FTPは、30年前に考えられたプロトコルです。
当時の回線速度は、今の人には想像できないくらい遅いものでした。
そのため、少しでもパケットのやり取りを減らすことも、設計する上で重要なことでした。
二つのポートを使うのは、その考えがあってのことだと思います。
今のネット事情には少し合わない面があるかもしれませんね。
しかし、多くのサーバーで標準的に使用されている仕組みを、全く新しいものに変えるのは、大変ですし、やるだけ無駄という面があります。
そういうものだと、深く考えない方がいいのかもしれませんね。
ふーん、そうなんだー
20や21はサーバーのポートだということに注意
実は私は、もう20年くらい勘違いしていました。
それは、「クライアントとサーバーは、同じポート番号で通信する」という勘違いです。
そのためクライアントからサーバーに使用するポートを伝える理由がわからず、3時間くらい悩みました。
でも勘違いだとわかったら、スッキリ。
ポート番号を指定しているのは、相手が接続するときの目印のためで、実際に通信するのは何番でもいいのです。
だからクライアントは、
この番号あいてるから、ここを使おー
で、いいわけです。
20年ぶりのスッキリでした。
というか、よく考えたらちょっと恥ずかしい話だわ…(/ω\)
ちなみに、このように一時的に使用されるポートを「エフェメラルポート」といいます。
エフェメラル(ephemeral)は、つかの間とか短命という意味なので、そのままのイメージですね。

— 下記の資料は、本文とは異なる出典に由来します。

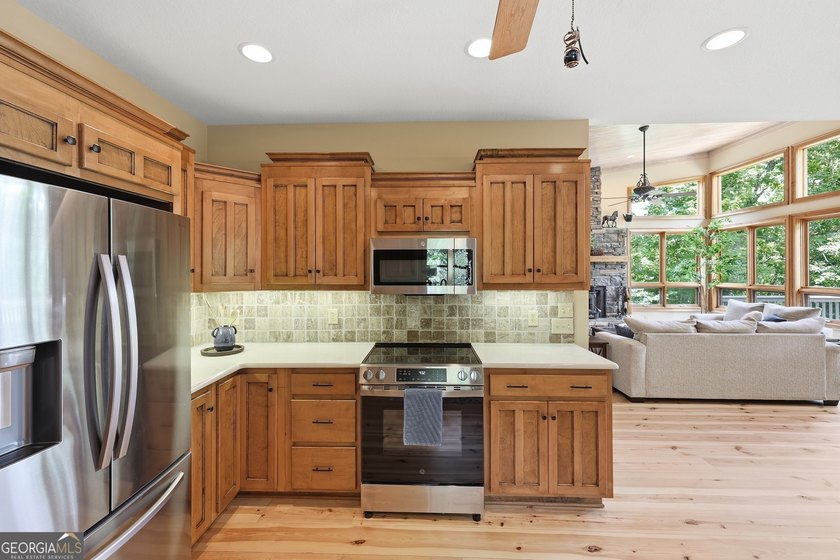Discover this exceptional gated mountain estate offering - photo 28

現在のシステムでは49152から65535の範囲が割り振られていることが多いようです。
その逆に、FTPの20や21のように、用途が限定されているポートは「ウェルノウンポート」と呼ばれています。
具体的には、1から1023までの範囲です。
SFTPは22番を使用
SFTPは、デフォルトで22番を使用します。
というか、SFTPはSSHを利用してやりとりをするので、ポート番号はSSHのものとなります。
SSHは、クライアントからサーバーのコマンドを実行することができるプロトコルですね。
なので外部からサーバーに侵入するために、22番ポートは狙われています。
そのため、別の番号に変更することが推奨されています。
SFTPでサーバーに接続するときは、サーバー管理者にポート番号を問い合わせる必要があります。